Wednesday, January 02, 2013

So we begin where we started, stirring up the old fires that New Years always inspires, goals and ambitions, plans that we need to get done before the new year expires and we are one year older without having accomplished what we set out to do all those years ago.
Somehow, with all the turmoil, blindness (literal and figurative), disappointment and overwork, I managed somehow to finish the first draft of a novel I started early in the year, and to start typing in the river book I had handwritten the previous year, and to start a new novel for this year – none published, of course, but with the idea that perhaps this should be my goal for 2013 --  year that must have more luck than 2012, although if truth be told, I was a very, very lucky man in 2012.

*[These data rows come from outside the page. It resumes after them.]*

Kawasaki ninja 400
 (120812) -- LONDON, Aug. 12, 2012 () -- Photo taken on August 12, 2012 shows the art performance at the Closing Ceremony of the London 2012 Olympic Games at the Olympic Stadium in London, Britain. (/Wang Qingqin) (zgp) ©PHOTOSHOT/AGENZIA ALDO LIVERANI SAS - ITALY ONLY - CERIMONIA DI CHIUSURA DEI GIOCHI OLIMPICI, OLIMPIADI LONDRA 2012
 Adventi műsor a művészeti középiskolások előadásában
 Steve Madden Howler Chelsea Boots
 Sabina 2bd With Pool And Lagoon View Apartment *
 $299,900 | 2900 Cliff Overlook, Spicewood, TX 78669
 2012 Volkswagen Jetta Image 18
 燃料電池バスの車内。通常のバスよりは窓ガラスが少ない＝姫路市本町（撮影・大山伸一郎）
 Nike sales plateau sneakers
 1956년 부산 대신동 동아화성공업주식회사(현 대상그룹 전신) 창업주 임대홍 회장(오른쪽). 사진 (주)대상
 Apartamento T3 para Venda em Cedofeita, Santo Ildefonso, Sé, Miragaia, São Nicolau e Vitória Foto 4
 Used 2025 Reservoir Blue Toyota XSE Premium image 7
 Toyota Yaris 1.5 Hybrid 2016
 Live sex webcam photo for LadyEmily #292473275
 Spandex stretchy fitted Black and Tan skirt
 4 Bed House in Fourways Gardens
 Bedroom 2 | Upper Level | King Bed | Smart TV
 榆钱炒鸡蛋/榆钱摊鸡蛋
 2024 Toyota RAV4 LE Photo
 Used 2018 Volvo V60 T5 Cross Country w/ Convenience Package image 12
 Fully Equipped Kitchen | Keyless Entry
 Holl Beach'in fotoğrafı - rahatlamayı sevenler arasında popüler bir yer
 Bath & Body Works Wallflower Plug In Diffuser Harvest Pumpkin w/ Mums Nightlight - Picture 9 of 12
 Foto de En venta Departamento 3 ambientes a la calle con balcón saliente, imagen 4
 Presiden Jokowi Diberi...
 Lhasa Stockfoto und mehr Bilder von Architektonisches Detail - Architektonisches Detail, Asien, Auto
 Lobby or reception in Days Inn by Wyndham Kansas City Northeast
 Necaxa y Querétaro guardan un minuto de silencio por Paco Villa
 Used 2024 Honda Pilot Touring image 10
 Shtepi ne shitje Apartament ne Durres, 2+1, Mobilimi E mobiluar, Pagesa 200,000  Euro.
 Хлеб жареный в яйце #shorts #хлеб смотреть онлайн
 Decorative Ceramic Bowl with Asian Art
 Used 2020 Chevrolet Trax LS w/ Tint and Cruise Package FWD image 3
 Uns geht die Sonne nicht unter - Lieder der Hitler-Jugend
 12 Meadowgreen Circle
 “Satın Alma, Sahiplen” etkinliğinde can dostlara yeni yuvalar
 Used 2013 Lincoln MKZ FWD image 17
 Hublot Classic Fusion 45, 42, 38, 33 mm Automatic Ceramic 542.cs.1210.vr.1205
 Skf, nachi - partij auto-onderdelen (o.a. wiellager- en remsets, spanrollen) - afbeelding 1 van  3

Our lives escape us always. We plan and then we rarely manage to do more than our weekly chores, and yet, if lucky, squeeze into these those tidbits of pleasure and pain we did not plan on or expect, nor in the end regret.
The hard part of surviving, as my 91-year-old grandmother found out before her death, is leaving behind so many of those who have not or could not or did not have the right stuff to make it, and in the end, surviving always means a measure of loneliness.
By best friend died in March, 1995, part of a sequence of deaths that left me devoid of those closest to me. Once rich in uncles and aunts, nearly all perished between 1989 and 2001 (when my mother passed), and my Uncle Ted pulled me aside to say, “You and I are the last from the old house,” only for me to see him pass on in 2010, and this year, to bear witness to Uncle Pete’s demise – the last of recreation room sports gatherings in Fairfield where I recalled only the yelling at faulty quarterbacks, the air filled with cigarette and cigar smoke, and the strong scent of alcohol and sweat.
All gone.
The tragic part of New Years is when a person looks back more than ahead – an event that usually hits as a person approaches 50 and realizes that much of what we cast aside as old and done with were the real treasures of living, and that by the time we reach my age, it becomes clear that we have lost more than we have gained, struggling with the New Year to reach for smaller things to accomplish, such as waking up happy and unburdened each morning, finding small happiness in the sound of birds rather than raging hormones or unabashed ambition.
It’s the people who matter, those who have touched us and whom we have touched, and in those years if we have managed to reach more than we have cast away, we have lived a good year, a profitable year, a year full of memory we can be proud of.